Sehubungan dengan maksud paparan ringkas ini, dapat ditarik beberapa kesimpulan sebagai berikut:

1. Kegiatan penelitian dan pengembangan sangat diperlukan sebagai dasar dalam pengambilan kebijakan strategis di Daerah, terutama dalam menghadapi berbagai peluang dan tantangan di era otonomi daerah.

2. Kegiatan penelitian dan pengembangan dapat memperkuat landasan pengambilan langkah dan kebijakan, karena rekomendasi yang dihasilkan didukung oleh data dan fakta yang valid.

3. Selain diperlukan dalam hal identifikasi masalah-masalah strategis baik yang bersifat aktual maupun potensial, termasuk yang diprediksikan akan dihadapi pemerintah daerah dalam jangka menengah atau jangka panjang, fungsi penelitian dan pengembangan juga diharapkan dapat memberikan masukan dan pertimbangan teknis kepada Kepala Daerah dalam pengambilan langkah dan kebijakan strategis jangka pendek untuk menyikapi dinamika dan situasi di daerah.

4. Keberadaan penelitian dan pengembangan memiliki peran yang sangat strategis dalam proses penyelenggaraan Pemerintahan Daerah, yakni:

a. Peran di awal, yakni sebagai input dalam proses penyusunan langkah-langkah atau kebijakan strategis Daerah ke depan.
b. Peran antara, yakni untuk memberikan berbagai input/rekomendasi dalam rangka implementasi program-program strategis Daerah yang tengah berjalan. Hal ini berguna, baik sebagai kontrol maupun katalisator dalam pencapaian sasaran program.
c. Peran di akhir, yakni memberikan input dan penilaian terhadap hasil pelaksanaan program sebagai bentuk evaluasi, sehingga dapat dijadikan acuan bagi pelaksanaan program selanjutnya.

5. Untuk mengoptimalkan fungsi penelitian dan pengembangan, Pemerintah Daerah seyogianya mendukung keberadaannya, baik dari aspek kelembagaan, personil, maupun pembiayaannya.

6. Mengingat peran dan fungsi strategis penelitian dan pengembangan, maka hal ini dapat dijadikan sebagai bahan pertimbangan untuk membentuk institusi penelitian dan pengembangan di Daerah secara mandiri.


Demikian tulisan singkat ini dibuat.

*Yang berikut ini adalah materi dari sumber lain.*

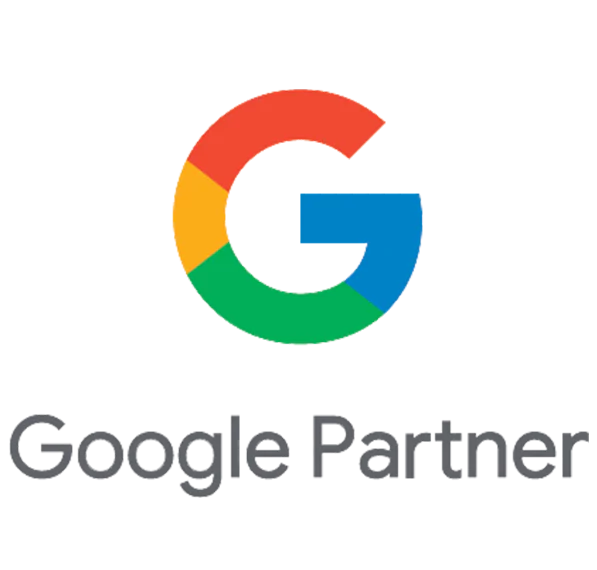 Google Partner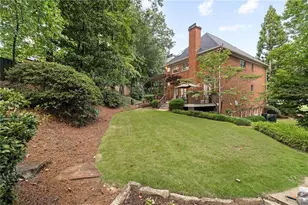 220 Powers Cove NW, Atlanta, GA 30327 - Photo 50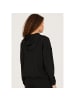 Athlecia Namier W Hoody in Schwarz01100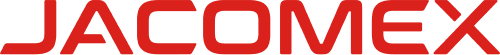 Logo van Jacomex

Harapan kami kiranya dapat menjadi bahan "perenungan" bagi para pemangku kepentingan di daerah, khususnya untuk meletakan dasar pijak bagi kepentingan pembangunan daerahnya di masa yang akan datang, melalui produk-produk kebijakan yang kuat di masa kini atas hasil penelitian dan kajian.